Moody v. State

679 So. 2d 23 | Fla. Dist. Ct. App. | 1996

679 So.2d 23 (1996)

Matthew Ray MOODY, Appellant,
v.
STATE of Florida, Appellee.

No. 95-366.

District Court of Appeal of Florida, First District.

August 14, 1996.
Rehearing Denied September 24, 1996.

Gary Baker and Judy L. Groover of Baker & Groover, Jacksonville, for Appellant.

Robert A. Butterworth, Attorney General; Daniel A. David, Assistant Attorney General, Tallahassee, for Appellee.

WEBSTER, Judge.

In this direct criminal appeal, appellant challenges his conviction for attempted second-degree murder. Although he raises a number of issues, we find it necessary to address only one. Appellant was charged with attempted murder of a law enforcement officer. He moved to dismiss the information on the ground that it failed to charge a crime. The trial court denied the motion. Appellant proceeded to trial, and was found guilty by the jury of attempted second-degree murder, as a lesser-included offense. Appellant now argues that the trial court committed reversible error when it denied his motion to dismiss the information. We agree and, accordingly, reverse.

On March 11, 1994, the state filed a one-count amended information purporting to *24 charge appellant with attempted murder of a law enforcement officer in violation of section 784.07(3), Florida Statutes (1993). That section reads:

Notwithstanding the provisions of any other section, any person who is convicted of attempted murder of a law enforcement officer engaged in the lawful performance of his duty or who is convicted of attempted murder of a law enforcement officer when the motivation for such attempt was related, all or in part, to the lawful duties of the officer, shall be guilty of a life felony....

The information charging appellant reads:

HARRY L. SHORSTEIN, State Attorney for the Fourth Judicial Circuit of the State of Florida, in and for Duval County, charges that MATTHEW RAY MOODY on or between the 29th day of December, 1993, and the 30th day of December, 1993 in the County of Duval and the State of Florida, did unlawfully attempt to murder Damon Jameson, a law enforcement officer, by shooting Damon Jameson while Damon Jameson was engaged in the lawful performance of his duty, and during the commission of the aforesaid Attempted Murder of a Law Enforcement Officer, the said MATTHEW RAY MOODY carried or had in his possession a firearm, to-wit: a rifle, contrary to the provisions of Sections 784.07(3), 775.0825 and 775.087, Florida Statutes.

Appellant moved to dismiss the amended information, arguing that it failed to charge a crime.
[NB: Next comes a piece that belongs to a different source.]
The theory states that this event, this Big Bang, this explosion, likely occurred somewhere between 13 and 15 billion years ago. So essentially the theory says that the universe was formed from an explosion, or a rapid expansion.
In particular, appellant argued that the amended information alleged only that he "unlawfully attempt[ed] to murder ... a law enforcement officer," but that there is no crime in Florida known as "unlawful murder." According to appellant, to charge attempted murder of a law enforcement officer properly, one was obliged to allege all of the elements set out in section 784.07(3) and all of the elements of the underlying offense attempted—murder. This included an obligation to allege the degree of murder allegedly attempted. Relying principally on Isaac v. State, 626 So.2d 1082 (Fla. 1st DCA 1993), review denied, 634 So.2d 624 (Fla.1994), the trial court denied the motion.

In Isaac, we held that section 784.07(3) "is more than simply an enhancement or a reclassification statute—it creates a separate substantive offense," the intent of which is to punish as a life felony attempted murder of a law enforcement officer, as defined in that statute, without regard to whether the offense would otherwise have been punished as attempted first, second or third-degree murder. Id. at 1083. Recently, however, the supreme court has held that section 784.07(3) was intended by the legislature to apply only to attempted first-degree murder of a law enforcement officer, overruling by implication our conclusion to the contrary in Isaac. State v. Iacovone, 660 So.2d 1371 (Fla.1995). As the Third District Court of Appeal has since concluded, Iacovone strongly suggests that section 784.07(3) should be read merely to provide for enhancement of a conviction of attempted first-degree murder when the victim is a law enforcement officer (and the provisions of the statute are otherwise satisfied), rather than as a separate substantive offense. Thompson v. State, 667 So.2d 470 (Fla. 3d DCA 1996).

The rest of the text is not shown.